Algorithm ~\ref{alg:sample} then uniformly selects a monomial from $\expandtree$ by the following recursive method. For each leaf node, the monomial is returned with a coefficient reduced to either $\{-1, 1\}$ depending on its sign. For a parent $+$ node, a subtree is chosen over the previously computed weighted sampling distribution. When a parent $\times$ node is visited, the monomials are combined into one monomial. The algorithm concludes outputting $sign(c_i)\cdot\prob^{d_i}$.

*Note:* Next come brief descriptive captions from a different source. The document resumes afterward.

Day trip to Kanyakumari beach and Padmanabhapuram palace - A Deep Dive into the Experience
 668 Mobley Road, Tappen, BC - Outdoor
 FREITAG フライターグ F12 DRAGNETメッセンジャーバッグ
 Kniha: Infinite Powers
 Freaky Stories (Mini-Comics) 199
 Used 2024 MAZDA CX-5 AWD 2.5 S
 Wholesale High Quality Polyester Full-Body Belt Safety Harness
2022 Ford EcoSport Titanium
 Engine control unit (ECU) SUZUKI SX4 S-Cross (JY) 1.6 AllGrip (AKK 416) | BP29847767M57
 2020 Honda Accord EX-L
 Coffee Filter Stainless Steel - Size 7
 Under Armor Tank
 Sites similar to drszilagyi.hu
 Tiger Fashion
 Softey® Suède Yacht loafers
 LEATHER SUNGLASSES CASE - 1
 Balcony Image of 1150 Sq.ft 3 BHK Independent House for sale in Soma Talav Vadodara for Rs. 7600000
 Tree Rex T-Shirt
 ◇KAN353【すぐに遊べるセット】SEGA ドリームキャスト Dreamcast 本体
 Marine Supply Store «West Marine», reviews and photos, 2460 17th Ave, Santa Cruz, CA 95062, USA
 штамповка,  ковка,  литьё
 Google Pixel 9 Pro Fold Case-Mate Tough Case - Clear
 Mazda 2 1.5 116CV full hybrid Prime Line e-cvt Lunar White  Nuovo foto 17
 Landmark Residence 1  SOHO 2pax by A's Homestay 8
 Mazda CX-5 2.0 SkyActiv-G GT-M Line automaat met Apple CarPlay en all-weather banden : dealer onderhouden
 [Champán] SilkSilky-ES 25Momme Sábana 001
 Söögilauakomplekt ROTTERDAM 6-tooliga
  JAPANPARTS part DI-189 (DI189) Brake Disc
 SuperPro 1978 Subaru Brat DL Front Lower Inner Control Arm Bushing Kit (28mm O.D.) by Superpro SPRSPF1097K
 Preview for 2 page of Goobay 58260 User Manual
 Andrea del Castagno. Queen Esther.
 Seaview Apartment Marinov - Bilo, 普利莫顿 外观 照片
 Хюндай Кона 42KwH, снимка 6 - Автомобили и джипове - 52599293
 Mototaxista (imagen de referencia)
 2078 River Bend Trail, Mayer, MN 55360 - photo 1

\subsubsection{Correctness of Algorithm ~\ref{alg:one-pass}}
The algorithm begins with recursively visiting the root node and all of its children, until it reaches all leaves. Thus, every node is visited. When going from the bottom up, it is the case for a parent node $+$ that the algorithm records the sum of its children's coefficient values, and produces a weighted distribution based on the partial values. This weighted distribution across each child subtree is in exact proportion to the probability of choosing either child given that it's parent's subtree was chosen. Consider the base case, when we have $n$ leaf nodes whose parent (root) node is $+$. For each $|c_i|$, it is the case that $\frac{|c_i|}{\sum_{i \in[n]}|c_i|}$ is exactly the uniform distribution of $\expandtree$.
When a $\times$ node is visited, \cref{alg:one-pass} takes the product of each of its children. Note that this is correct, since it is the case that a product of polynomials has a sum of coefficients equal to the product of the sum of each polynomial's coefficients.
Note that for the case of a $+$ subtree of a parent $\times$ node, when the parent node passes its partial sum up to it's parent node, it is the case that the subtrees of the $+$ node probabilities are exactly the proportion of the parent's parent node.